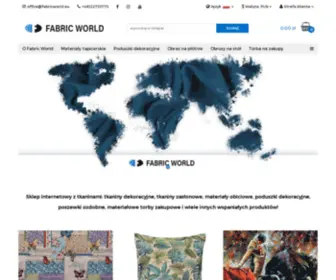 FabricWorld.eu(Sklep tkaniny online) Screenshot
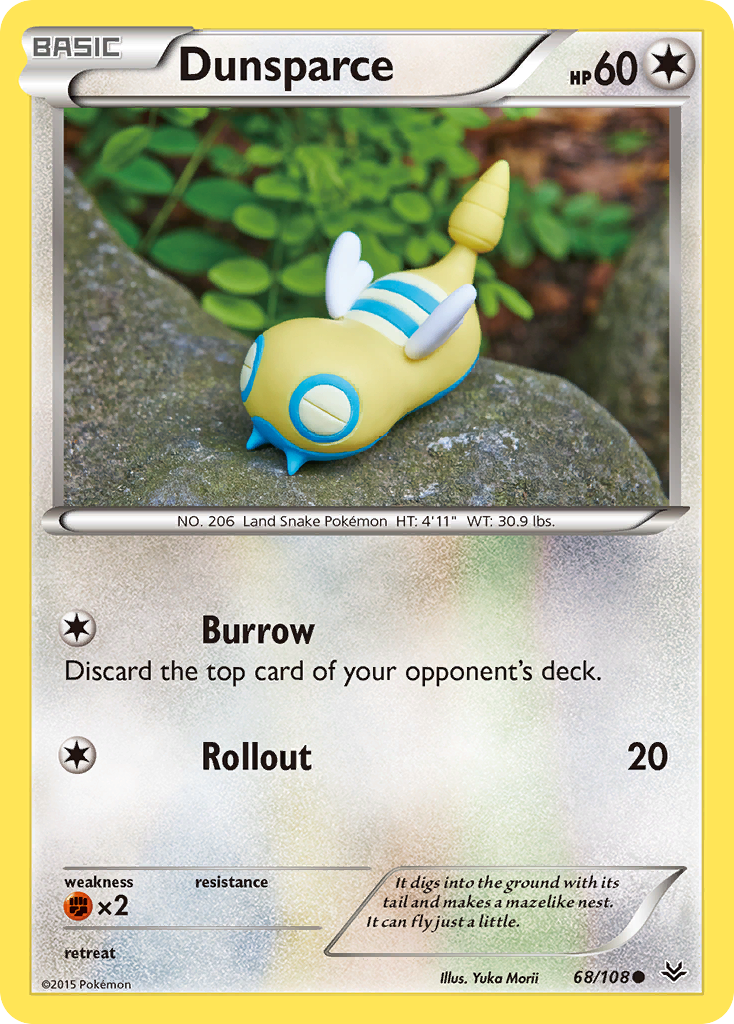 Dunsparce (68/108) [XY: Roaring Skies] | Mega City Incorporated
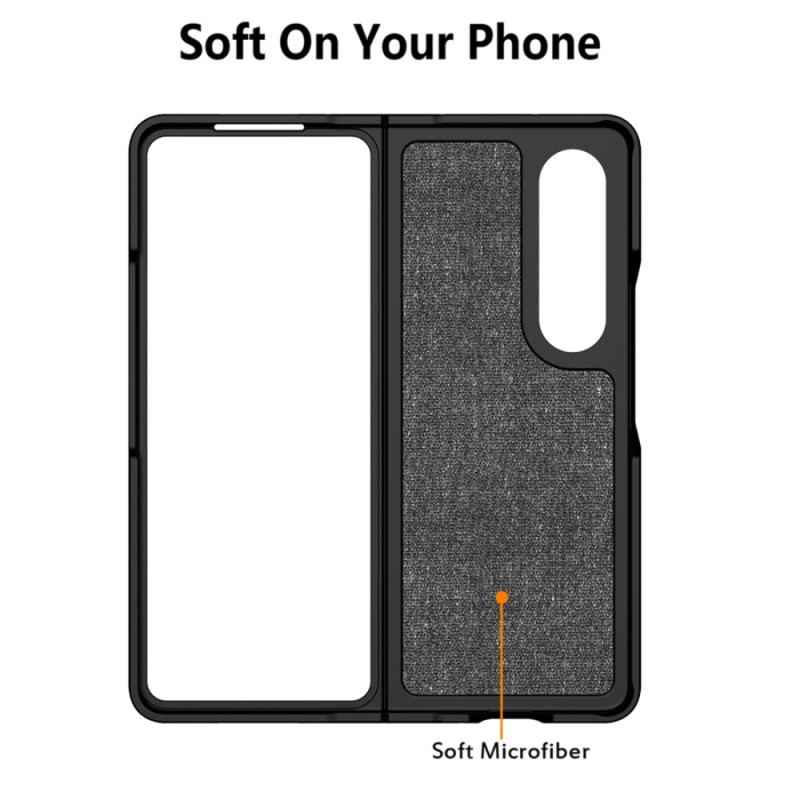 Capa Para Samsung Galaxy Z Fold 4 Aço Inoxidável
== == ==
| About this task |
What the answer must hold: all the data above, given again exactly, without pictures.

| Exercise output |
 FabricWorld.eu(Sklep tkaniny online) Screenshot
 Dunsparce (68/108) [XY: Roaring Skies] | Mega City Incorporated
 Capa Para Samsung Galaxy Z Fold 4 Aço Inoxidável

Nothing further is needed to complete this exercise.